The Frost family graves can be found in the churchyard. One for Robert Frost records beneath his name the one word (Blacksmith) James Frost died on November 3 1875 aged 72.  The census of 1881 records both Margaret Frost and Jemima Frost as widows.

Frost family graves
In 1875 Mary Ann, the daughter of James Frost, married Theodor Carl Wilhelm Jannoch a German national who in that same year set up The Dersingham Lily Nursery first at Brandenburg House at the bottom of Sugar Lane and later at Dersingham Hall.  The nursery was nationally famous and the Hall is now called Jannoch’s  Court .  Theodor died in 1925 but Mary lived on at The Hall until her death in 1933.

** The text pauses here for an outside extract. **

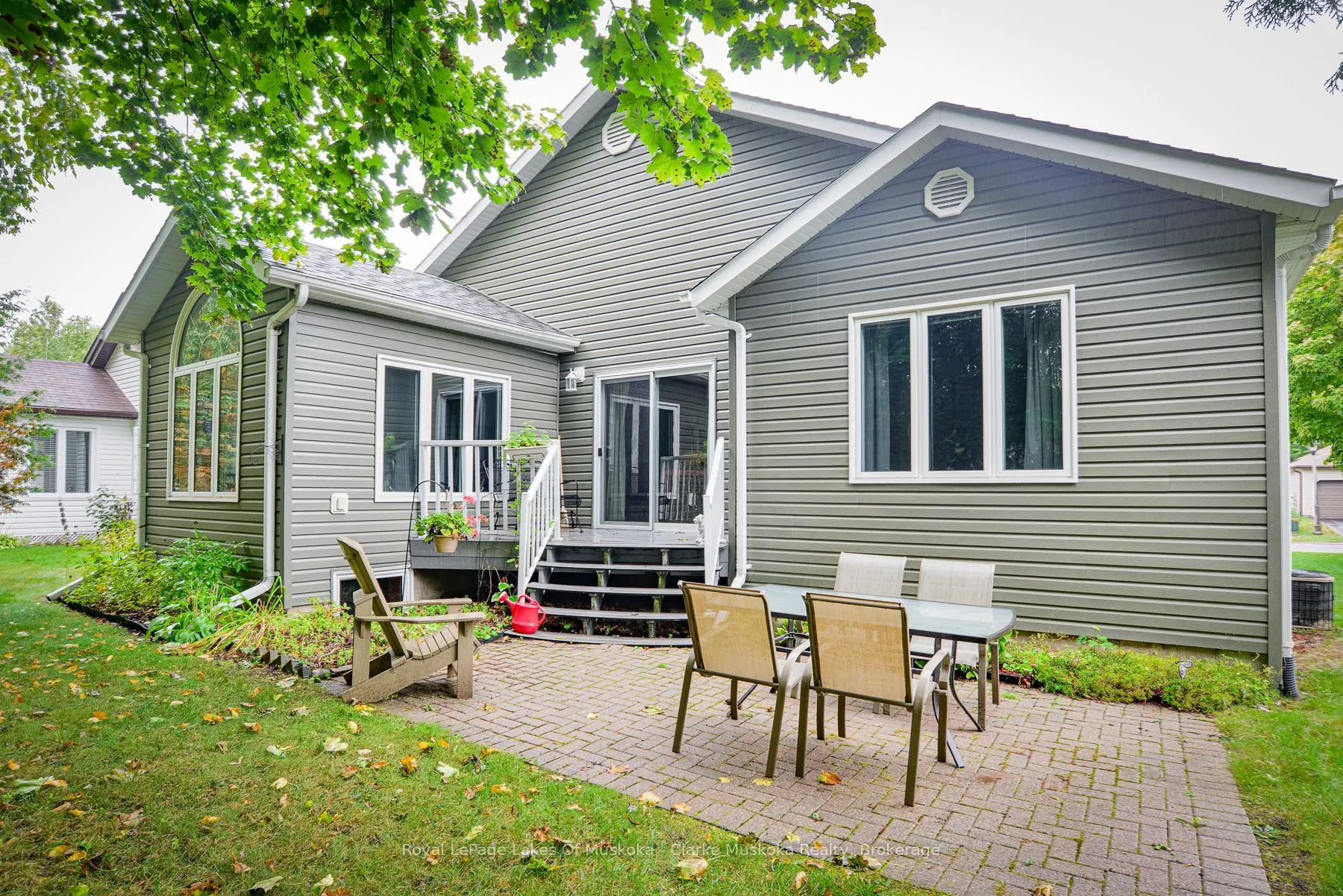 77 Hedgewood Lane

1839 TITHE MAP OF DERSINGHAM

The map below is part of the tithe map of 1839 for Dersingham.  As can be seen the village was much smaller, having a population of between 600-700 people.  They lived for the most part along the present day Chapel Road and Manor Road with groups of cottages up Dodds Hill and Fern Hill.  There were no buildings on the seaward side of the Main Road.
KEY
A.  Robert Frost’s cottage.

B. The Pasture. Future site of William Potter’s Smithy and Barn.

C.  The Blacksmith’s Shop.

D. James Jackson’s farmhouse.

E. Dersingham Hall. Occupied at this time by Mary Ann Brett and her son Edward, a solicitor. By 1871 John Bayliss Goggs was in occupation.

F. St. Nicholas Church. The cemetery was much smaller. It was not extended to cover Dove House Close until 1935.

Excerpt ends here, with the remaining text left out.